- Associated Press - Thursday, August 3, 2017

SIOUX FALLS, S.D. (AP) - The Sioux Falls School District is looking for ways to give minority students more access to programs at its specialty schools, which are majority white.

District board members looked at each of the district’s three specialty schools on Wednesday, assessing demographics and setting a goal to promote the schools to more diverse groups. The specialty programs include education in the fine arts, Spanish or learning with the students’ parents alongside them.

“It is a challenge, for sure,” Board President Kate Parker said. “I think if you looked at other school districts, they probably have similar challenges.”

More than 30 percent of the students in Sioux Falls public schools are non-white, but they make up less than 20 percent of students in specialty schools, the Argus Leader reported .

The board hopes the demographics at those schools will better resemble the overall student population this year, when the district adds three computer science immersion schools.

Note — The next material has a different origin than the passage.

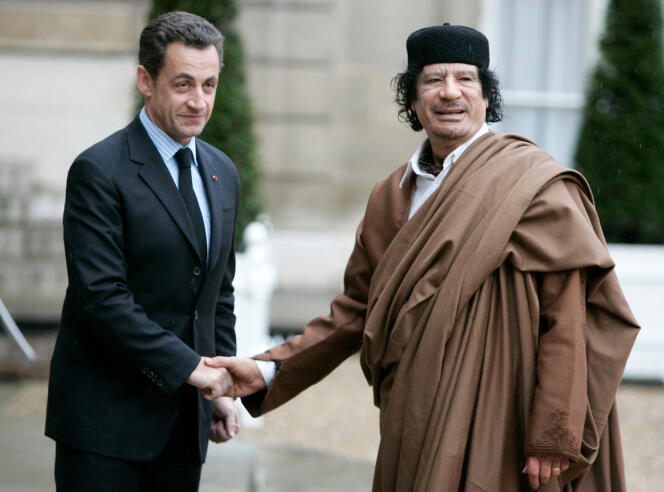 French President Nicolas Sarkozy, left, greets Libyan leader Moammar Gaddafi upon his arrival at the Elysee Palace, in Paris on December 10, 2007.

All three of the schools implementing the program - Anne Sullivan, Hayward and Lowell Elementary - are Title I schools, meaning they receive additional federal funding due to high numbers of students from low-income families. The schools also have more racially diverse students than the district average.

All-City Elementary School is the least racially diverse school in the city, with 94 percent of students identifying as white.

Parker said one solution could come from making information about specialty schools more readily available. But the district will also have to look at why the lack of diversity exists in the first place, including whether it’s lack of transportation, lack of awareness or something else.

Parker said another option could be expanding space in the programs to fit more students.

“If we’re really serious about equity and access, if we really believe that non-white students have the same gifted-ness as white students … I think we have to look at expansion,” Superintendent Brian Maher said.